E aí, me desculpem a ignorância, não entendo mesmo como é que isso evoluiu, ao longo da história da religião, para a nudez tornar-se pecado - e não mais a vergonha da criação divina. Para o corpo ser tratado como sujo, impuro, tabu.


Pode até ter seu embasamento, mas, definitivamente, não foi assim que, segundo a Bíblia, a coisa começou.


A NOVA DIMENSÃO DO OBSCURANTISMO

O oportunismo que enxerga na marginalização da arte e do corpo instrumento fácil de fazer político talvez tenha chegado ao ápice na Assembleia Legislativa do Espírito Santo. Os deputados proibiram nudez em exposições artísticas no Estado.

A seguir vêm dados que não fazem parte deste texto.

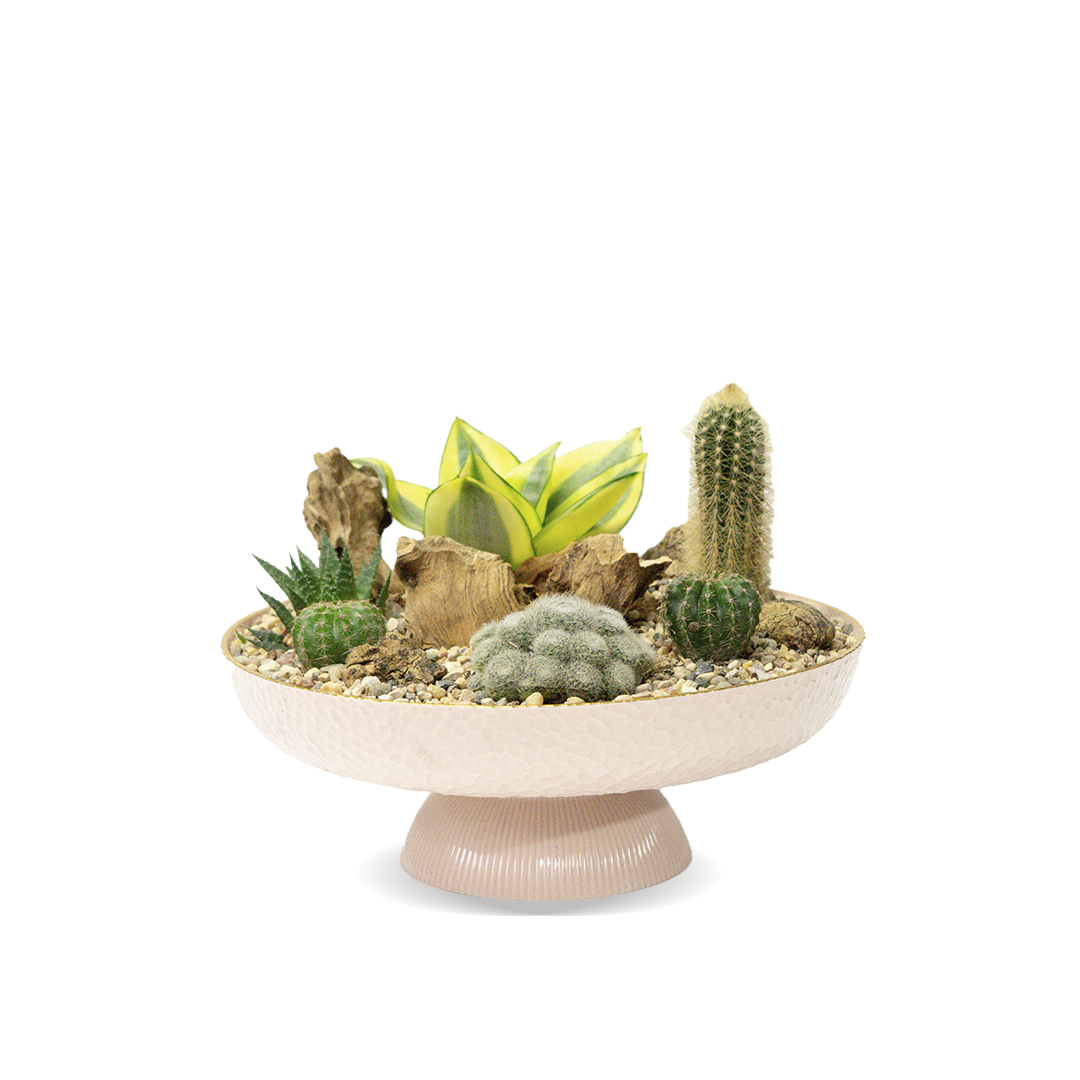 Oasis rosa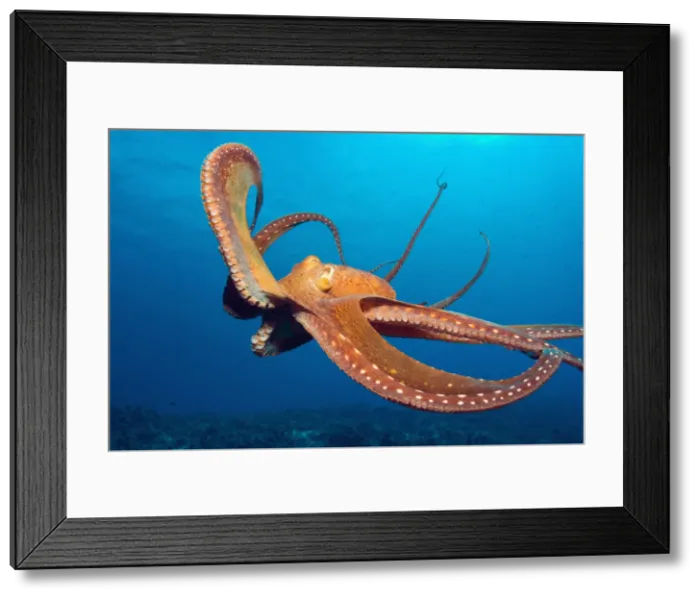 Framed Print : DDE-90039002 Framed Print : DDE-90039002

Pela lógica dos sábios parlamentares, até o Vaticano seria ilegal, caso ficasse em território capixaba. Seriam também proibidas mostras de Da Vinci, Goya, Rodin, Renoir, Michelangelo, Rubens, Botticelli, Rafael, Paul Gauguin, Velázquez, Picasso. Aliás, quase todos os artistas plásticos do mundo pelo menos desde a Renascença teriam obras marginalizadas pelos sábios legisladores do Espírito Santo.


A política costuma caprichar, mas essa é uma das medidas mais estúpidas, atrasadas e sem sentido que já vi. Não é pouca coisa.